Paclitaxel, Imatinib and 5-Fluorouracil Increase the Unbound Fraction of Flucloxacillin In Vitro

Abstract

Flucloxacillin (FLU), an isoxazolyl penicillin, is widely used for the treatment of different bacterial infections in intensive care units (ICU). Being highly bound to plasma proteins, FLU is prone to drug-drug interactions (DDI) when administered concurrently with other drugs. As FLU is binding to both Sudlow's site I and site II of human serum albumin (HSA), competitive and allosteric interactions with other drugs, highly bound to the same sites, seem conceivable. Knowledge about interaction(s) of FLU with the widely used anticancer agents paclitaxel (PAC), imatinib (IMA), and 5-fluorouracil (5-FU is scarce. The effects of the selected anticancer agents on the unbound fraction of FLU were evaluated in pooled plasma as well as in HSA and α-1-acid glycoprotein (AGP) samples, the second major drug carrier in plasma.

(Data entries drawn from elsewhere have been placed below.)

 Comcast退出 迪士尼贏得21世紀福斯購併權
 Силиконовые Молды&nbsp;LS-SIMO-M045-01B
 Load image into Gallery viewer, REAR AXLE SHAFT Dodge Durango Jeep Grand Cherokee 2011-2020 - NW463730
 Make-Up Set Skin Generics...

FLU levels in spiked samples were analyzed by LC-MS/MS after ultrafiltration. Significant increase in FLU unbound fraction was observed when in combination with PAC and IMA and to a lesser extent with 5-FU. Furthermore, significant binding of FLU to AGP was observed. Collectively, this is the first study showing the binding of FLU to AGP as well as demonstrating a significant DDI between PAC/IMA/5-FU and FLU.

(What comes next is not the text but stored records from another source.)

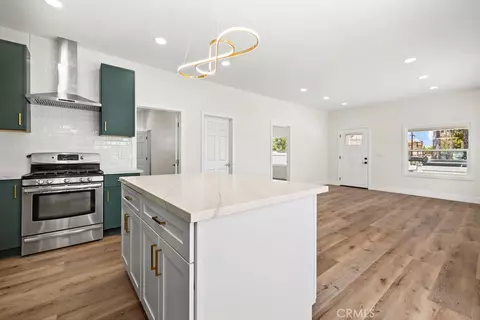 Other - 548 E 14th, Long Beach, CA 90813 photo 1 of 11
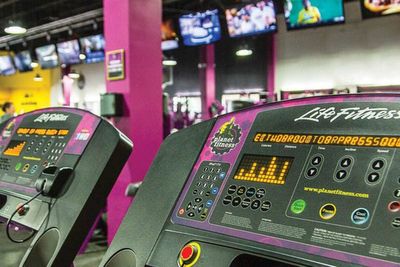 Planet Fitness Is About to Run a Massive Promotion -- See Whether You Qualify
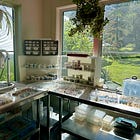 🎨 Martha's Vineyard Activity Spotlight: Art Class at Featherstone Center for the Arts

Keywords: albumin; anti-infective agents; cancer; drug-drug interactions; ultrafiltration; α-1-acid glycoprotein.

Figure 1

Comparison of the percent increase of FLU unbound fraction in mixture with IMA, PAC and 5-FU at 0.2 µg/mL (A) and 20 µg/mL (B). Percent difference calculated with respective to the percent-unbound values of FLU alone at 20 µg/mL and 0.2 µg/mL. AC = anticancer agent. * p < 0.05, ** p < 0.01, *** p < 0.001 with respect to FLU alone.

Figure 2

Comparison of the % binding of FLU to pooled plasma, albumin, and α-1-acid glycoprotein at physiological and pathophysiological concentrations. *** p < 0.001.